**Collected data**
Start of Block

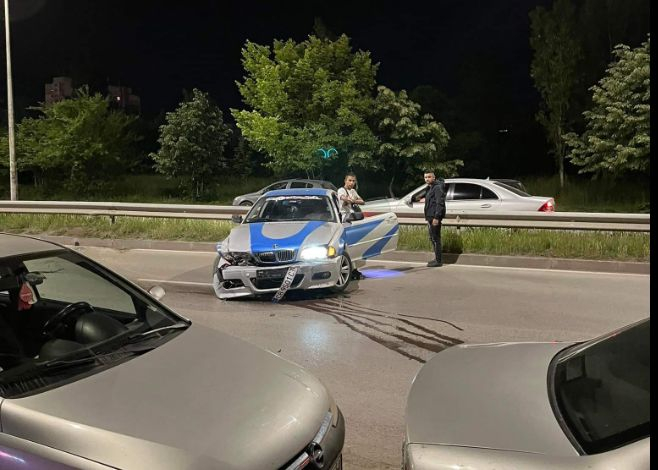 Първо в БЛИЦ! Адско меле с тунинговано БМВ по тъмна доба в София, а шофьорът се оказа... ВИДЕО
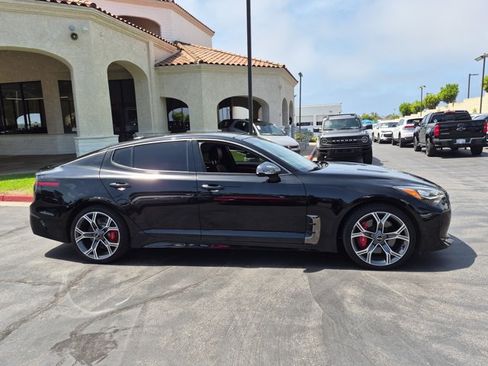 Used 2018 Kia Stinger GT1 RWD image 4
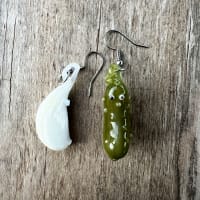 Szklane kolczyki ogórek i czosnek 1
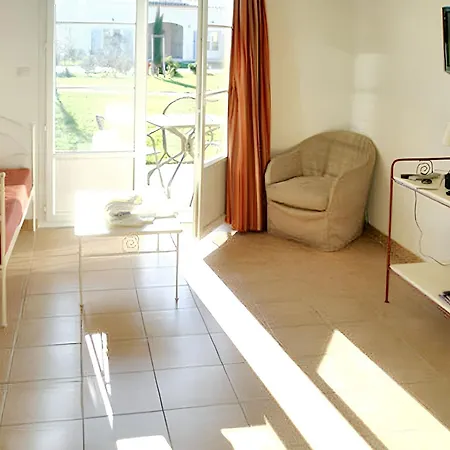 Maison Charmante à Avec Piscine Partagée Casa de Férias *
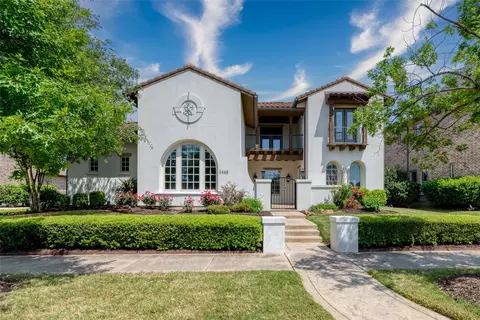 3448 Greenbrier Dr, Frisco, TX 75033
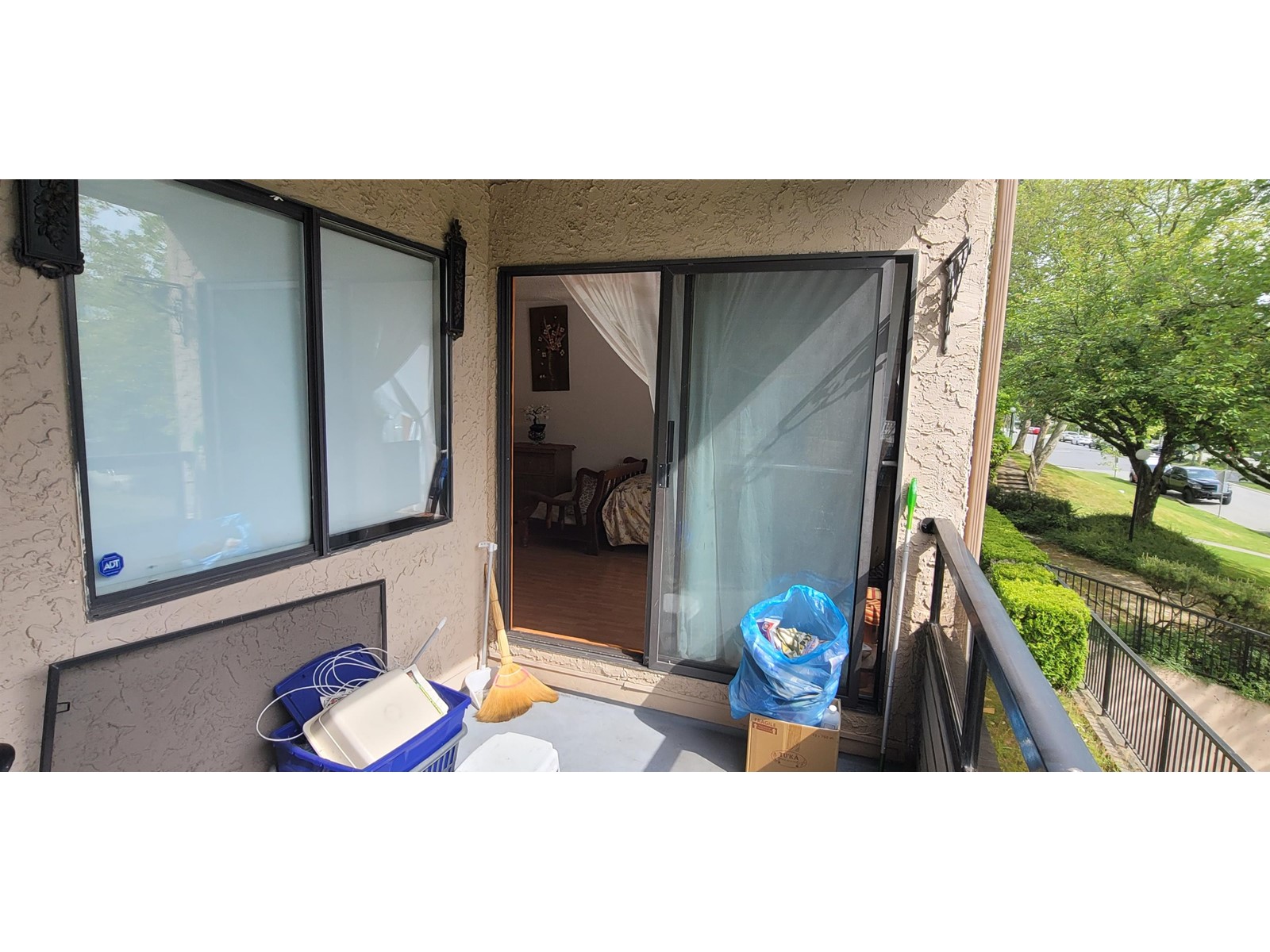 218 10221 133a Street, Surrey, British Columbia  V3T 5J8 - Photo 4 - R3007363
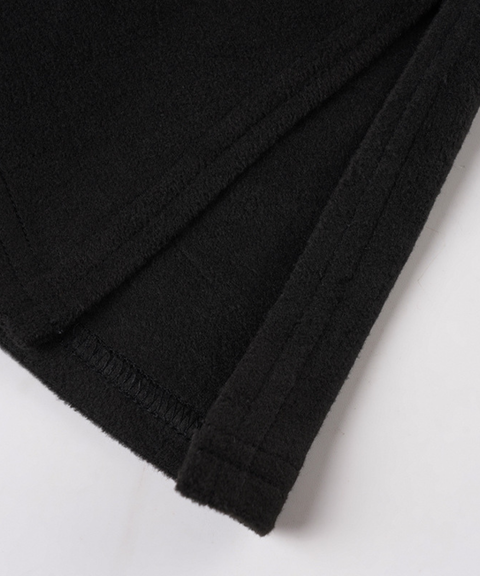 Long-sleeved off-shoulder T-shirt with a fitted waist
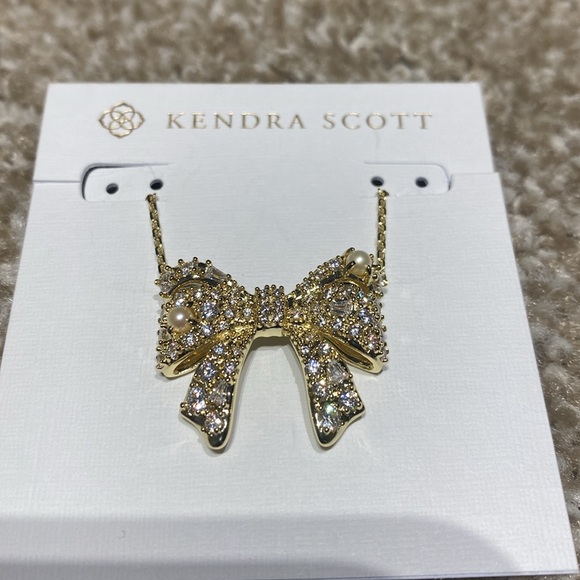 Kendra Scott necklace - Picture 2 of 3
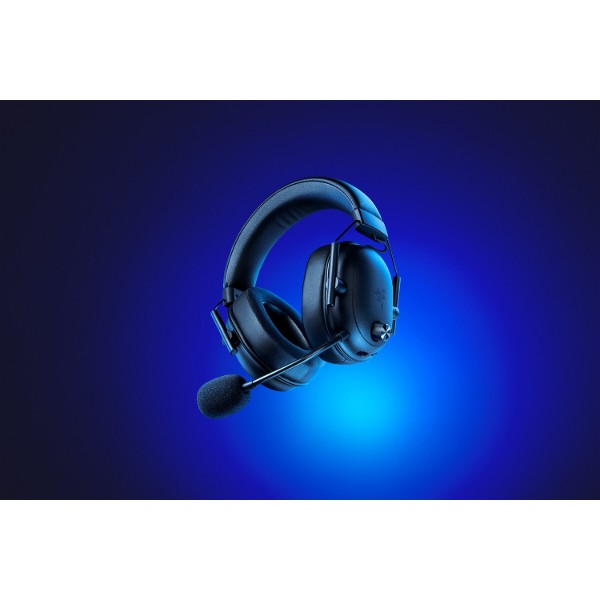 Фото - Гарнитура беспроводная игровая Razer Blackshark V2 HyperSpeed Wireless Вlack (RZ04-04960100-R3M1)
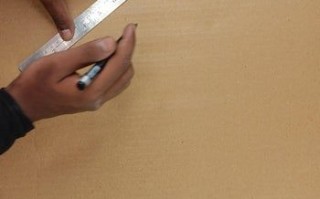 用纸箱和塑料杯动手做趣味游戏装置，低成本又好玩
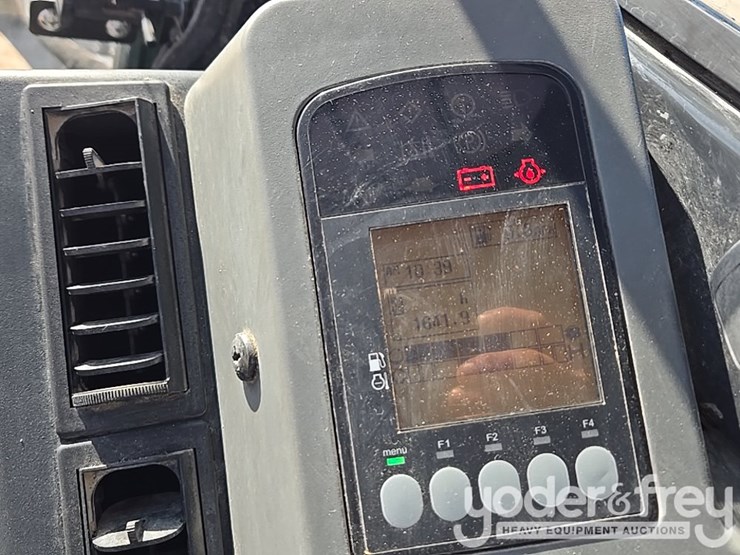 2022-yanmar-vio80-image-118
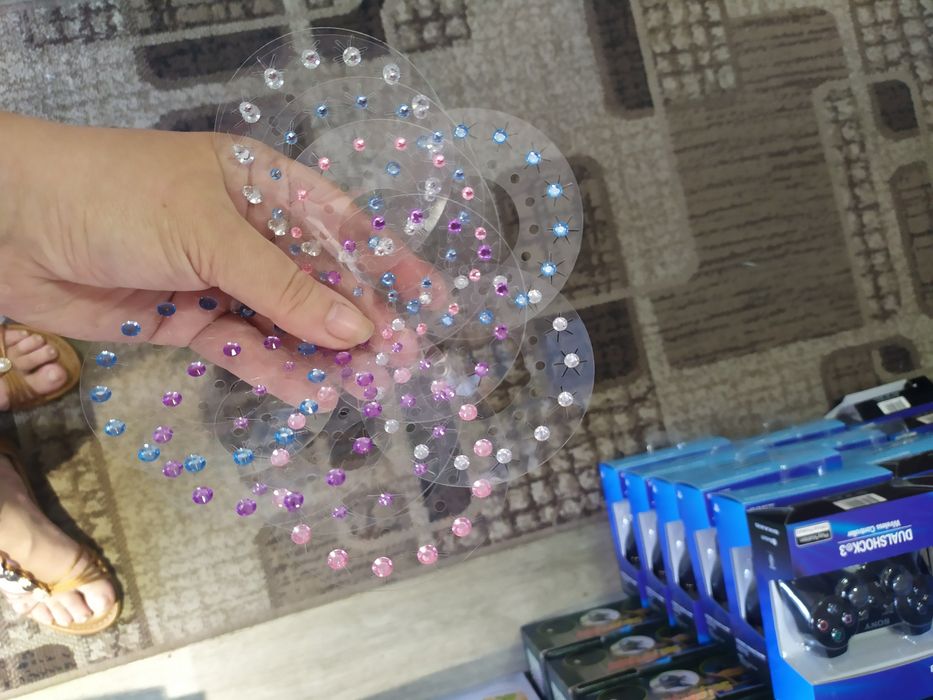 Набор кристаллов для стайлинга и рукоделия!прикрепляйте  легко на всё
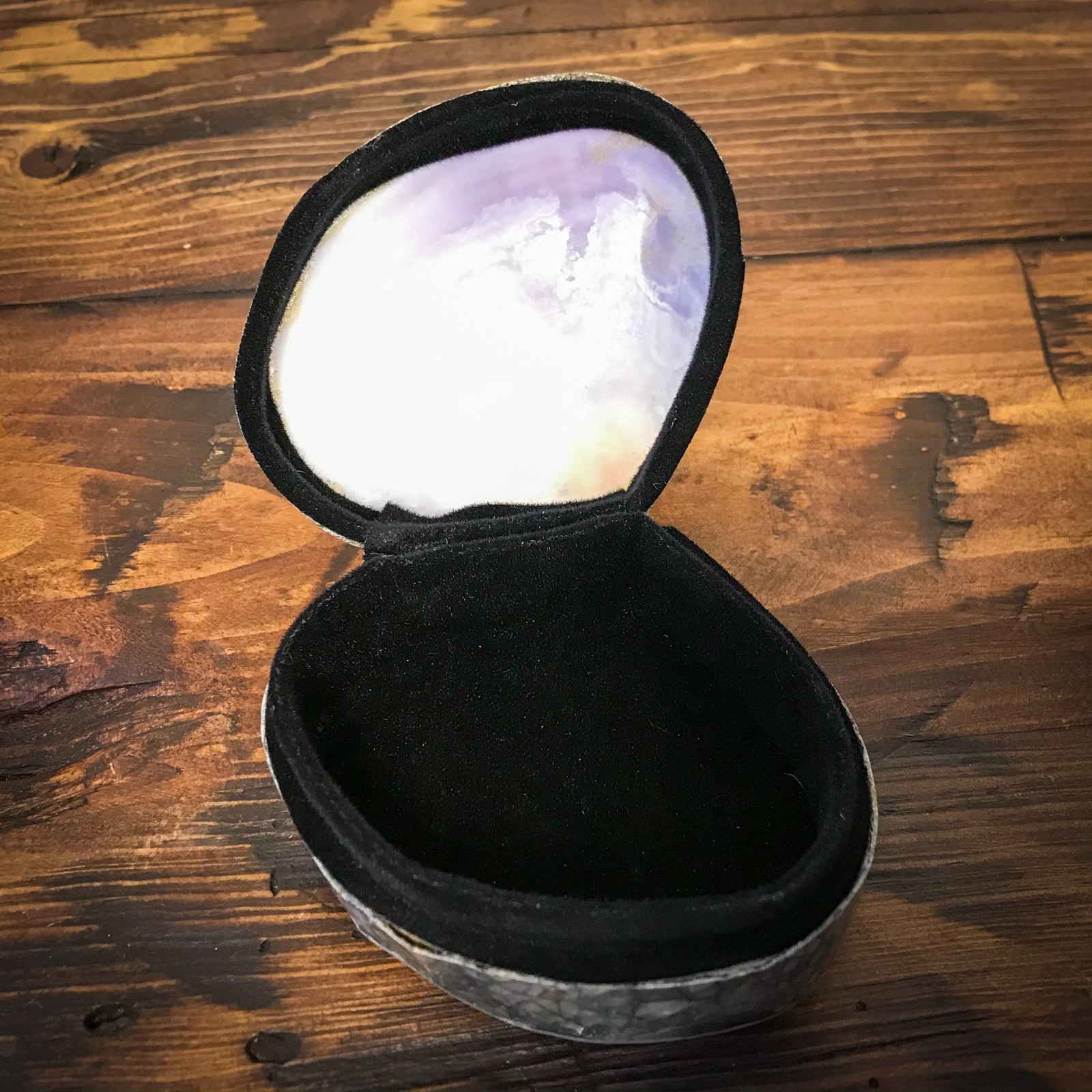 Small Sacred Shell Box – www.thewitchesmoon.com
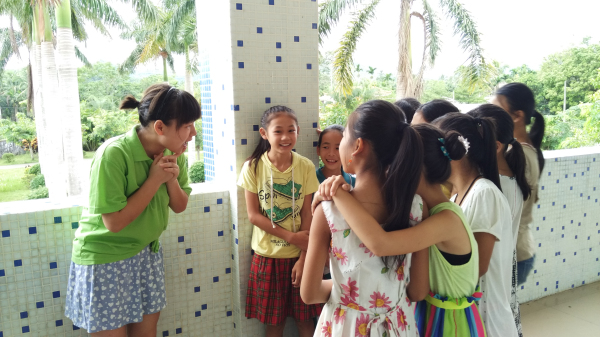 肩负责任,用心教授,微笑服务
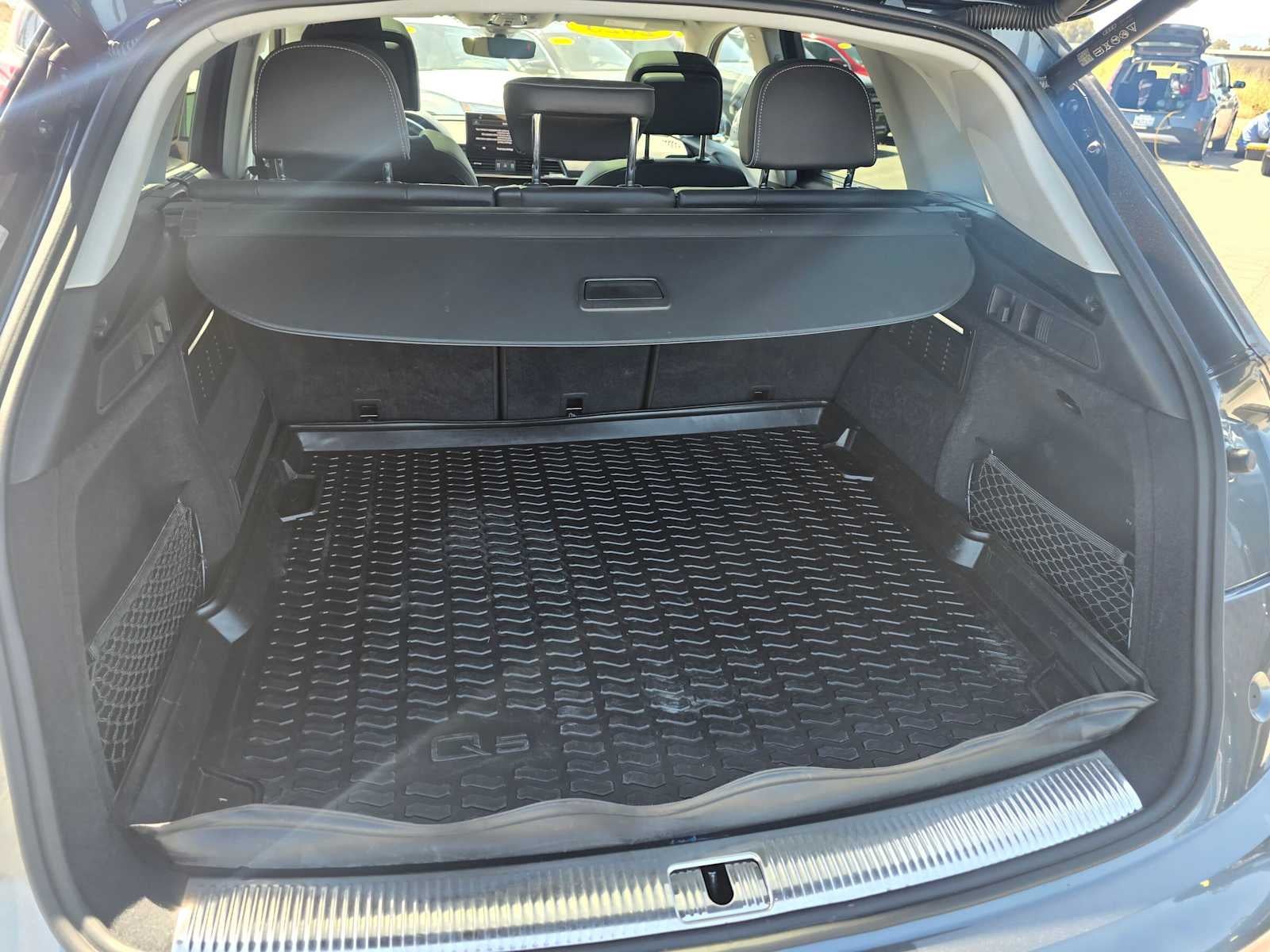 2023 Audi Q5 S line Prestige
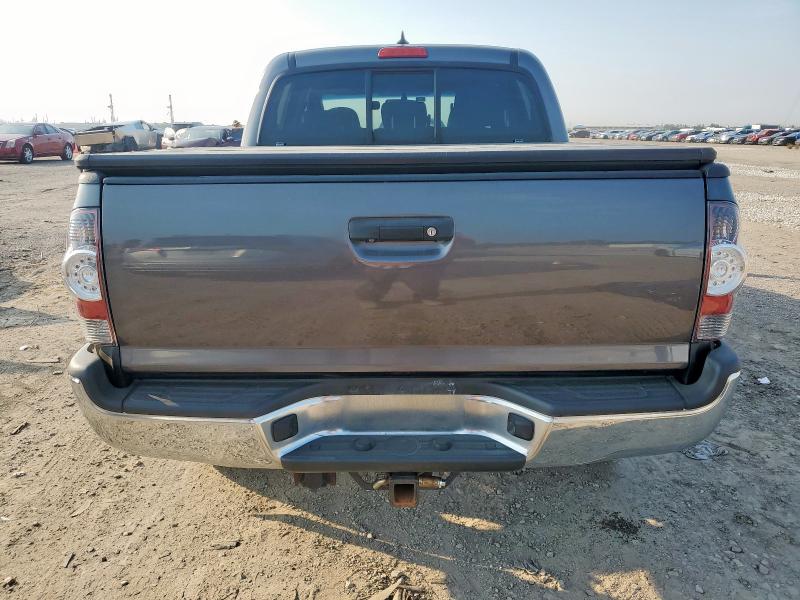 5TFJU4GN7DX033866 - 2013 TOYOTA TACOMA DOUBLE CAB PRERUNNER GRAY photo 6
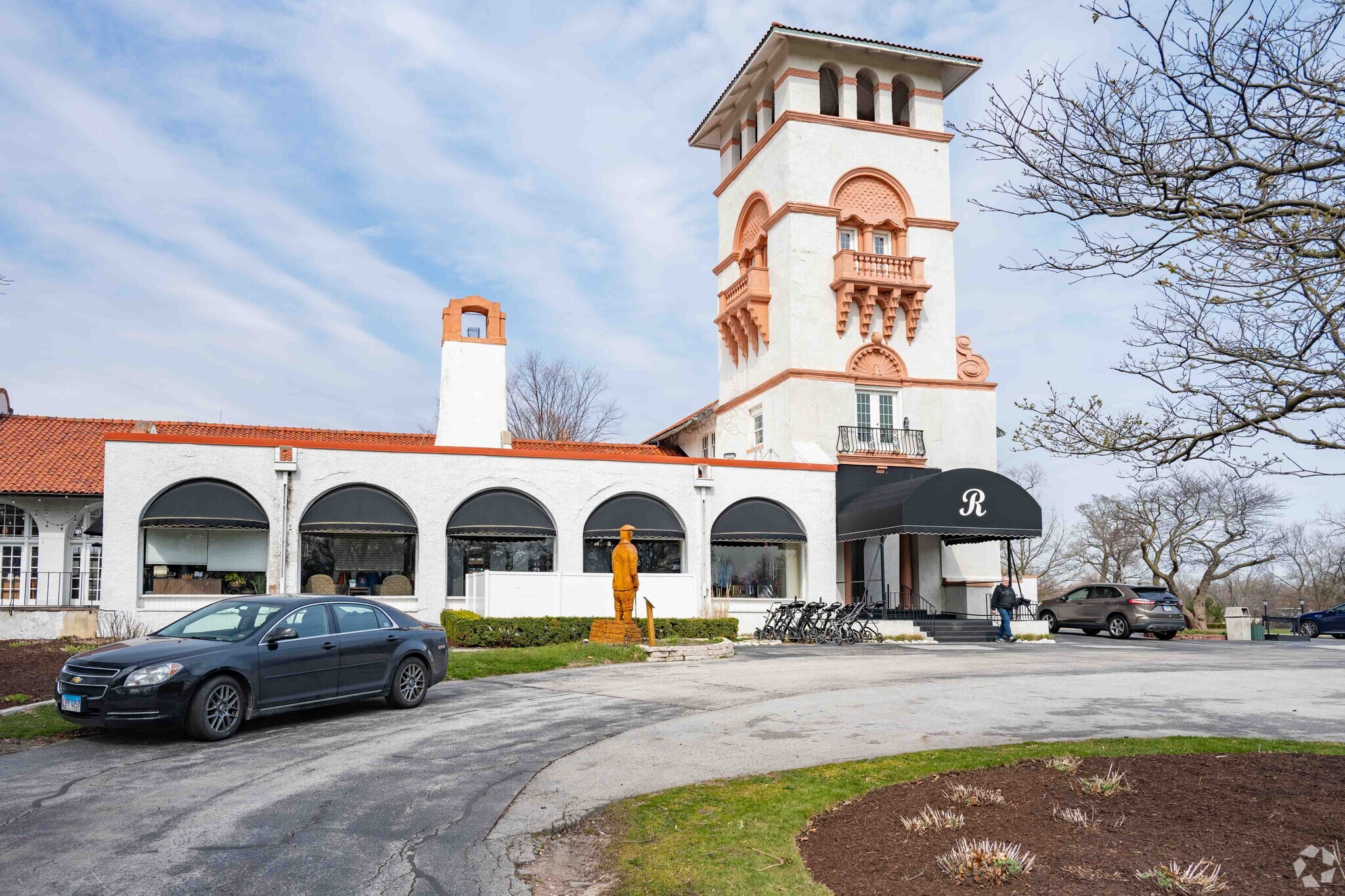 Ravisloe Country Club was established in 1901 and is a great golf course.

End of Block

**Brief**
With the pictures removed, the entries above should be transcribed exactly.

**Task response**
 Първо в БЛИЦ! Адско меле с тунинговано БМВ по тъмна доба в София, а шофьорът се оказа... ВИДЕО
 Used 2018 Kia Stinger GT1 RWD image 4
 Szklane kolczyki ogórek i czosnek 1
 Maison Charmante à Avec Piscine Partagée Casa de Férias *
 3448 Greenbrier Dr, Frisco, TX 75033
 218 10221 133a Street, Surrey, British Columbia  V3T 5J8 - Photo 4 - R3007363
 Long-sleeved off-shoulder T-shirt with a fitted waist
 Kendra Scott necklace - Picture 2 of 3
 Фото - Гарнитура беспроводная игровая Razer Blackshark V2 HyperSpeed Wireless Вlack (RZ04-04960100-R3M1)
 用纸箱和塑料杯动手做趣味游戏装置，低成本又好玩
 2022-yanmar-vio80-image-118
 Набор кристаллов для стайлинга и рукоделия!прикрепляйте  легко на всё
 Small Sacred Shell Box – www.thewitchesmoon.com
 肩负责任,用心教授,微笑服务
 2023 Audi Q5 S line Prestige
 5TFJU4GN7DX033866 - 2013 TOYOTA TACOMA DOUBLE CAB PRERUNNER GRAY photo 6
 Ravisloe Country Club was established in 1901 and is a great golf course.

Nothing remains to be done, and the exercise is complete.